Geçen hafta kültür emperyalizmine dikkat çekmiş, TRT 2’nin Oscar törenini canlı yayınlamasını eleştirmiştim. Amerika’dan veya TRT’den değil ama, Hürriyet yazarı Ertuğrul Özkök’ten tepki geldi.

Anlaşılan, Ertuğrul Bey, Batı ideolojisini savunmayı görev bellemiş, yazımdan cımbızla çektiği üç cümleden sonra şöyle diyor: “Ne diyeceksiniz bu kafaya... Adamın elinden gelse, Spotify’daki bütün Amerikan şarkılarını silin diyecek... Kanal D, ATV, Netflix’te A harfiyle başlayan bir tek film, dizi bırakmayın diyecek... Ve bütün bunları da kafasındaki iptidai bir “Antiemperyalizm” ideali ile yapacak... Allah’ım sen bu ülkeye akıl fikir ver. Bense her medeni ve makul insanın yapacağını yapıp, TRT’ye bu küresel olayı yayınladığı için çok çok teşekkür edeceğim.”

Ha, bir de benim için, “ismini vermeyeceğim, polemik yapmaya bile değmez” diye yazmış. Belli ki kendini çok önemli bir fikir insanı bizleri ise onunla aşık atamayacak çer çöp olarak görüyor. Kibir pek çirkin bir hastalıktır ama, Ertuğrul Bey için bu hastalığın bazı anlaşılır sebepleri olabilir, mazur görüyorum, Allah affetsin diyorum. 
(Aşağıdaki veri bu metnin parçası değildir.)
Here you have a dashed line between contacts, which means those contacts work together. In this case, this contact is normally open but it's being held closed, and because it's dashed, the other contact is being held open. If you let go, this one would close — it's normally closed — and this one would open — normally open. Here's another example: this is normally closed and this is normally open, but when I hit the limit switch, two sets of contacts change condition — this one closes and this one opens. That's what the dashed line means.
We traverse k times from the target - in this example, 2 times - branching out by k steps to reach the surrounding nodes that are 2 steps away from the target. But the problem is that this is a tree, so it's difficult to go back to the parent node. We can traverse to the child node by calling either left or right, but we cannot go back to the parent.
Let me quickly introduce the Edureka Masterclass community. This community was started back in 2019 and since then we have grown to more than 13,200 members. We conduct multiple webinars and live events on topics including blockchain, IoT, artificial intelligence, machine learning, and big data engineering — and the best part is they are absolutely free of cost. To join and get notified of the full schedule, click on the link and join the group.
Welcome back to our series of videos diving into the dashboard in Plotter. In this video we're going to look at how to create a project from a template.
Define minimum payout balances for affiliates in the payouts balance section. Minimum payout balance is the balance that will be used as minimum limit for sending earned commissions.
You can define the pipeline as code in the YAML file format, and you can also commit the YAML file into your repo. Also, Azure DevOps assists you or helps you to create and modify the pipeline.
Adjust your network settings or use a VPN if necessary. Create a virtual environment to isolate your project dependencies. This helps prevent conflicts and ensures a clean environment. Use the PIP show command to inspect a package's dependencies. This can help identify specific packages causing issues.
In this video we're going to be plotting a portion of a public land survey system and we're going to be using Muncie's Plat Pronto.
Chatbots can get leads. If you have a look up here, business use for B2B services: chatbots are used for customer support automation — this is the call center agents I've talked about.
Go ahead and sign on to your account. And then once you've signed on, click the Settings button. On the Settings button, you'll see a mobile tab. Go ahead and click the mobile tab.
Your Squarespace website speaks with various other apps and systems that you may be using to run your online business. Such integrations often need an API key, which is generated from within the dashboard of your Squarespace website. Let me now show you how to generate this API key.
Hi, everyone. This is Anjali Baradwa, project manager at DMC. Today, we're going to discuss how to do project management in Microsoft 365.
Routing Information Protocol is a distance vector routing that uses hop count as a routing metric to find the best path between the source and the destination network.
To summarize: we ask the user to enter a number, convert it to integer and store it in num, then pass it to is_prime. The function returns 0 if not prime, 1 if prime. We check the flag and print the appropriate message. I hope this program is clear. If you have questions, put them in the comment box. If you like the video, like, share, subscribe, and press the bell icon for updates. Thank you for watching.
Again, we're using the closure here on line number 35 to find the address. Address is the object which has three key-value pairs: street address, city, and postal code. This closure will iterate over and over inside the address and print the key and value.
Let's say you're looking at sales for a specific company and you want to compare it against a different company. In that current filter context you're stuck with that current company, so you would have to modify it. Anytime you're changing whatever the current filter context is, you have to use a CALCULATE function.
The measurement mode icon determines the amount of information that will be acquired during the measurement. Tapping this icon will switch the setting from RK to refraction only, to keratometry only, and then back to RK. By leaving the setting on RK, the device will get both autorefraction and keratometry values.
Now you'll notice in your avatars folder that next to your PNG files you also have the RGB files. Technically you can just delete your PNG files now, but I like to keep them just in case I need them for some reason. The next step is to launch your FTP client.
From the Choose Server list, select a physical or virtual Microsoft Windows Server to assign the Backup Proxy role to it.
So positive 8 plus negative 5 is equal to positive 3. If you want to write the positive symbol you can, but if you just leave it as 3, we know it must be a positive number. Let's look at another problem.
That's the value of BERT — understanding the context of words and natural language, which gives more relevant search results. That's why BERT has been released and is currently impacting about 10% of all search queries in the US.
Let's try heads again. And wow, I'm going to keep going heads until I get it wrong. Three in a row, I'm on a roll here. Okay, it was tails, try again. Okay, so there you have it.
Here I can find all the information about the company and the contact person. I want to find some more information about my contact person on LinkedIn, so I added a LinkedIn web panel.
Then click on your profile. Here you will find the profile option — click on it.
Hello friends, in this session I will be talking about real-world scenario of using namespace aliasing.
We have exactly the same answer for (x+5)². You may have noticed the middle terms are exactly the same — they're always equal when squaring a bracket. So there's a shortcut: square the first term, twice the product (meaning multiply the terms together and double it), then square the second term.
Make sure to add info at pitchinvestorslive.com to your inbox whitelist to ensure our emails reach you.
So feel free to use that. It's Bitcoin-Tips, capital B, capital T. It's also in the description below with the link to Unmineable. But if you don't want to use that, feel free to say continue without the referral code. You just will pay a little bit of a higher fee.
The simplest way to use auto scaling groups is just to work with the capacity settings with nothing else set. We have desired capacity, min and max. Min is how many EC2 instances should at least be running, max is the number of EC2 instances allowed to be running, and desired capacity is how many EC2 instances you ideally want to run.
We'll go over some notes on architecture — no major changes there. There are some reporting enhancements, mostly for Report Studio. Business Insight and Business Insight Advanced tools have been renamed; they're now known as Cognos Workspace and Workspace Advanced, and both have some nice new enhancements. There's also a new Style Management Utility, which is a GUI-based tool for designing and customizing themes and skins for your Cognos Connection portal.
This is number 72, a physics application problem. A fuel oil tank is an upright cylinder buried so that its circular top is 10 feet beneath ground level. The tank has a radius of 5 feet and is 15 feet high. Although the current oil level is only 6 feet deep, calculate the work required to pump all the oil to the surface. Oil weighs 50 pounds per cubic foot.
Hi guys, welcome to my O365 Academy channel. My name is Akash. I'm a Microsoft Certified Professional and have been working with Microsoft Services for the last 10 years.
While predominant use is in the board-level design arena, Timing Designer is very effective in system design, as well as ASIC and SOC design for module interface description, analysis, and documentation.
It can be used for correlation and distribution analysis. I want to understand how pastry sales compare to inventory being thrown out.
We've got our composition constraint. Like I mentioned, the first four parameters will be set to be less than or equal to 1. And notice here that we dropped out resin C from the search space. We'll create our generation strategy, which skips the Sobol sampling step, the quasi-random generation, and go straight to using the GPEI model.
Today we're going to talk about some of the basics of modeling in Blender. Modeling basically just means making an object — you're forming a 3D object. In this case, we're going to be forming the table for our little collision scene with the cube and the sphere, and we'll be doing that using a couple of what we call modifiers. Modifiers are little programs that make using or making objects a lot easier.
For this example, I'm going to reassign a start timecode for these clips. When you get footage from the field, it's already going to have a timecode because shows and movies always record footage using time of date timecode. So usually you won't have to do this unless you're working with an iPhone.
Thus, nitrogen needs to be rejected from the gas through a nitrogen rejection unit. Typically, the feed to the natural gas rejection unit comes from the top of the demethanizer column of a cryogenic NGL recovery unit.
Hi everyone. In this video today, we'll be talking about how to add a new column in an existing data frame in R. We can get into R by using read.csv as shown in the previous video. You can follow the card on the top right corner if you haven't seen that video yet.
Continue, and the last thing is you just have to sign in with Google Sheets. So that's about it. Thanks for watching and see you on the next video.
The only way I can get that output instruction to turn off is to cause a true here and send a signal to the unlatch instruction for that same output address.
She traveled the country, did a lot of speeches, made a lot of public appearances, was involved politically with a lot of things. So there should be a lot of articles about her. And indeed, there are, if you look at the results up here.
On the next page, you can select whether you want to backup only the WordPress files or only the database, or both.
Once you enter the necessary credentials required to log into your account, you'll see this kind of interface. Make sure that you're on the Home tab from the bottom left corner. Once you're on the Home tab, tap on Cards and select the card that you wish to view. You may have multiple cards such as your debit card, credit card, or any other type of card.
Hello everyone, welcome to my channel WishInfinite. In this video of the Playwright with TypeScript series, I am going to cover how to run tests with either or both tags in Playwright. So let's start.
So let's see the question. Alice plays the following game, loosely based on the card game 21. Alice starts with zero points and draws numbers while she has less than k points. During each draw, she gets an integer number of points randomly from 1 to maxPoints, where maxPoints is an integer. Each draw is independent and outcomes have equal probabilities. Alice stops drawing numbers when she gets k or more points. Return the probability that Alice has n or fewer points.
Ben ise kendisini ciddiye almak ve bir cevap yazmak zorundayım. Yanlış anlaşılmasın, bu zorunluluk fikirlerinden ileri gelmiyor. Yazdıkları, kişisel zevkini mutlak gerçekmiş gibi dayatan birinin, bir başka yazara yönelik ince hakaretlerinden ibaret. Okuyucularım bilirler, özel zevklere karışmam, bana yapılan hakaretlere ise neredeyse hiç cevap vermem. Ertuğrul Bey’e cevap verme zorunluluğu bunlardan değil, Türkiye’deki “Batı acentelerini” temsil eden tipik bir örnek olmasından ileri geliyor. 

Emperyalizmin her türü gibi kültür emperyalizmi de bir dış gücün kaba müdahalesinden daha fazlasına, yerli ortaklara, acentelere ihtiyaç duyar. Akademiden basına, sanattan edebiyata kadar her alanda kendine sadık temsilciler yetiştirir. Bunlar, Malcolm X’in ev zencisi dediği tipe benzerler. Günlük vazifelerinin yanında asıl sorumlulukları, tarla zencilerinin olası bir özgürlük talebine karşı efendiyi korumaktır. Bunlar, efendinin düzenini savunmakta efendinin kendisinden bile istekli, isyan edenlere karşı efendiden daha zalim olurlar.  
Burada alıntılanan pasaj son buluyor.